Increasingly, Michigan is a place without watchdogs, Phil Power writes this week.
He’s not talking about rabid, drooling dobermans guarding junkyards, though his subjects (newspaper reporters) have been called much worse. He’s talking about the decline of Michigan newspapers, which grew worse this month with the announcement of big cutbacks at the Booth Newspapers in Ann Arbor, Bay City, Flint, Jackson, Grand Rapids, Muskegon, Kalamazoo, and Saginaw.
The main question is, who will tell the people? Who will keep government honest? Who will ask the tough questions.
Steadily, the answer may emerge from new kinds of journalism funded through the help of philanthropy.
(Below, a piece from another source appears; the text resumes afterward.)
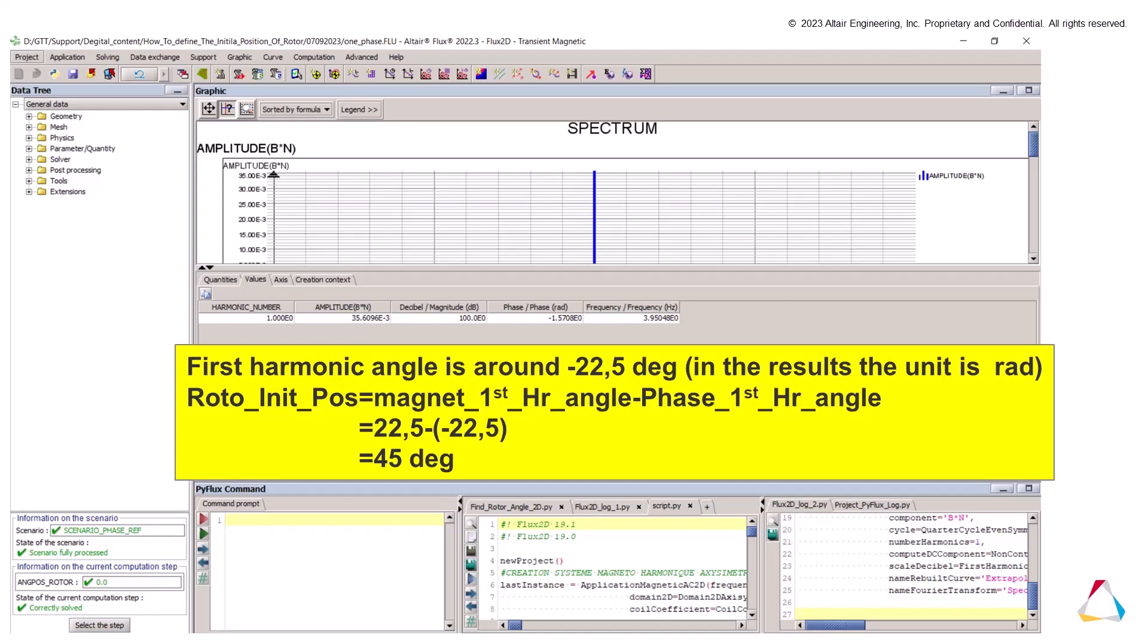The final initial position of the rotor is the subtraction between the angle of the first harmonic simulation and the angle of the first harmonic for the second simulation. In the end, the initial position of the rotor, for this example, it is 45 degrees.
Consider, for example, this investigation of the federal air marshall service which dominated the front page of USA Today. The byline comes from ProPublica, a nonprofit investigative journalism organization funded by foundations.
Consider, too, this recent New York Times story profiling local shoestring journalism operations springing up in places like San Diego, New Haven, Conn., and Chicago.
Or, check out the Ann Arbor Chronicle, a new publication launched by Ann Arbor News refugee Mary Morgan.
We’re also catching wind of neighborhood news bureaus possibly cropping up in other Michigan cities very soon.
Who will tell the People? It might be up to philanthropy and the People themselves.